About this exercise: Full transcription, minus images: write out the listing below exactly as it appears.

Given material:
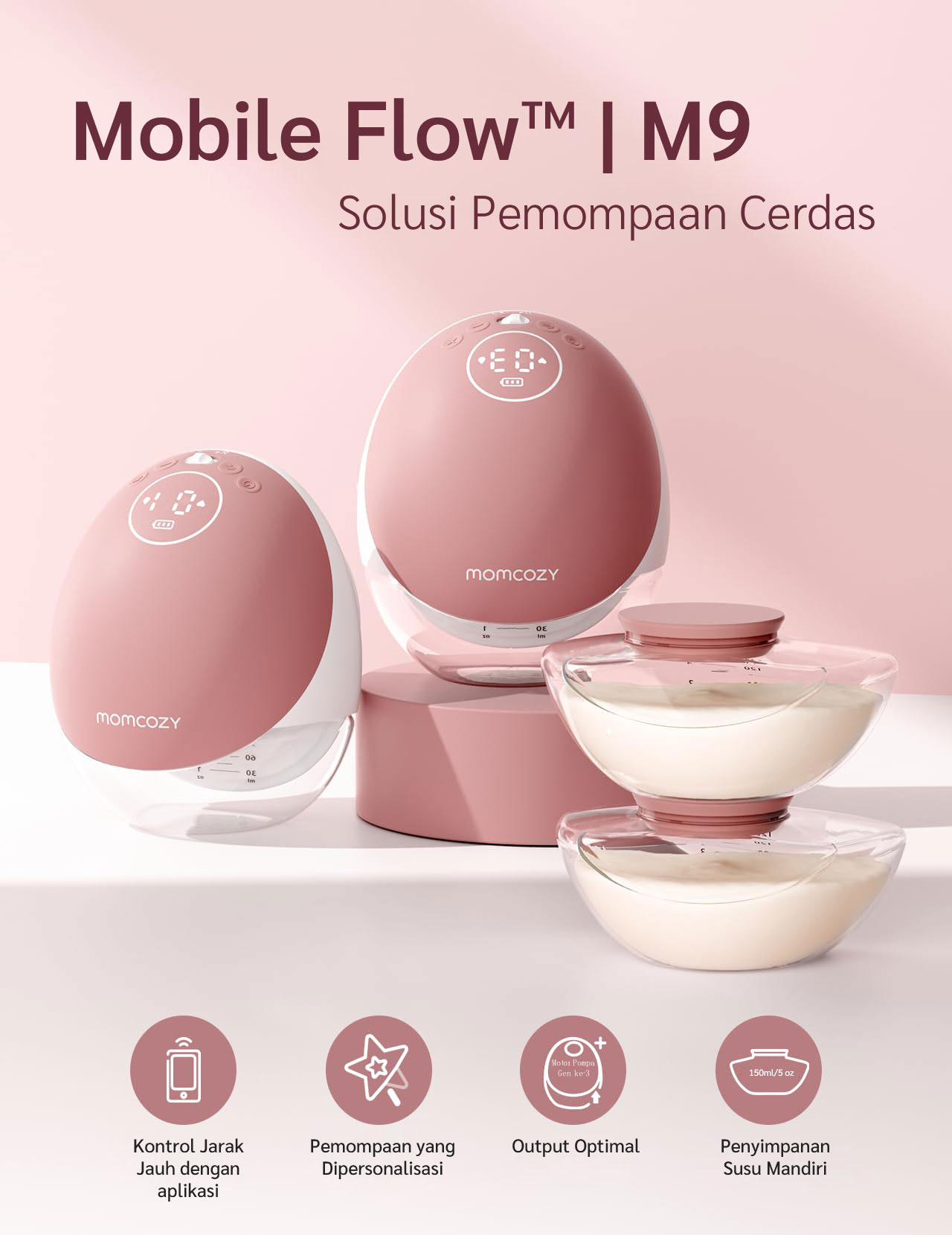 Momcozy Mobile Flow™ M9 Hands-Free Breast Pump (Red) description image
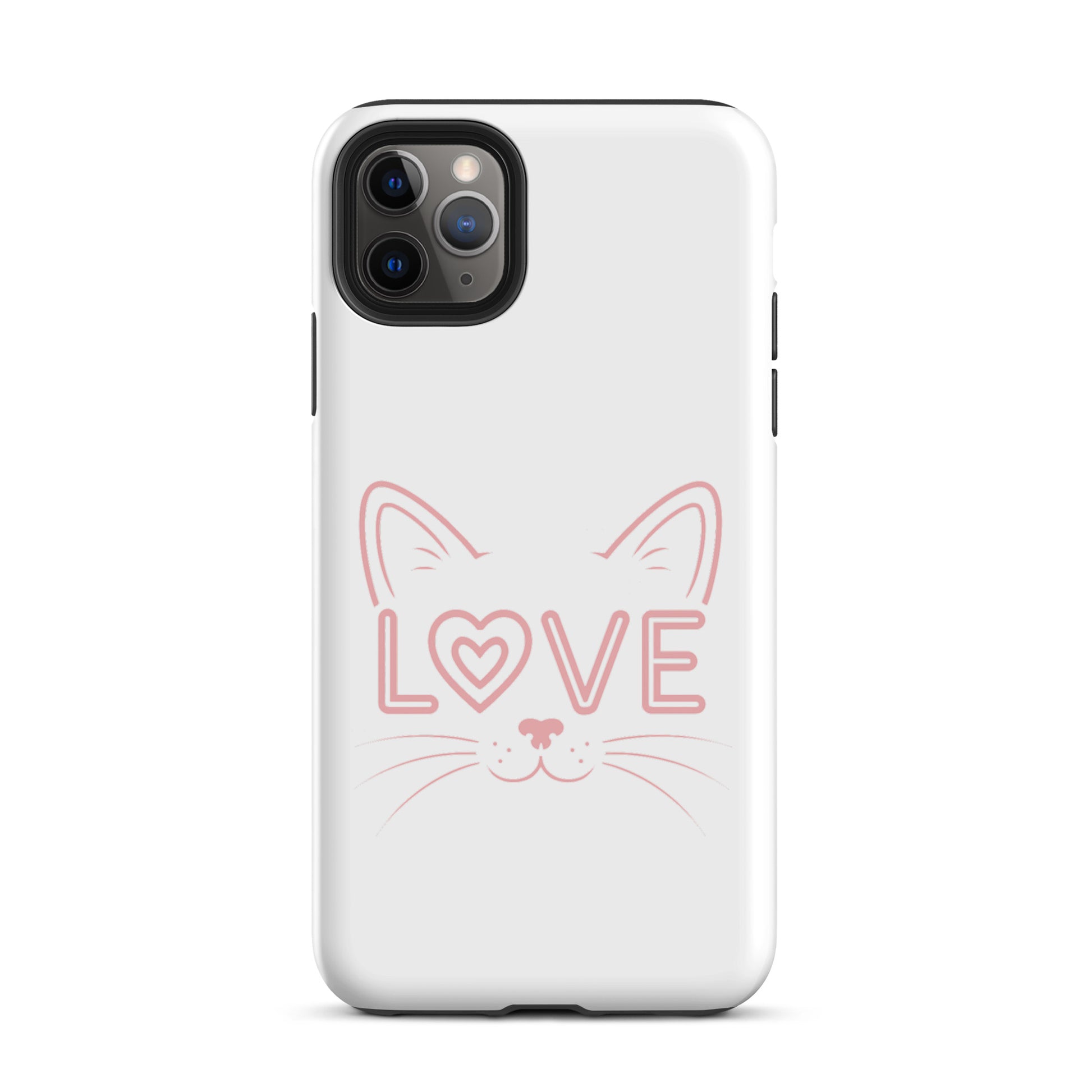 iPhone case with "Cat Love" design featuring minimalist cat face and love word art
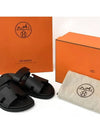 Hermes Chypre H Logo Calfskin Sandals Black - HERMES - BALAAN 11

Answer for this exercise:
 Momcozy Mobile Flow™ M9 Hands-Free Breast Pump (Red) description image
 iPhone case with "Cat Love" design featuring minimalist cat face and love word art
 Hermes Chypre H Logo Calfskin Sandals Black - HERMES - BALAAN 11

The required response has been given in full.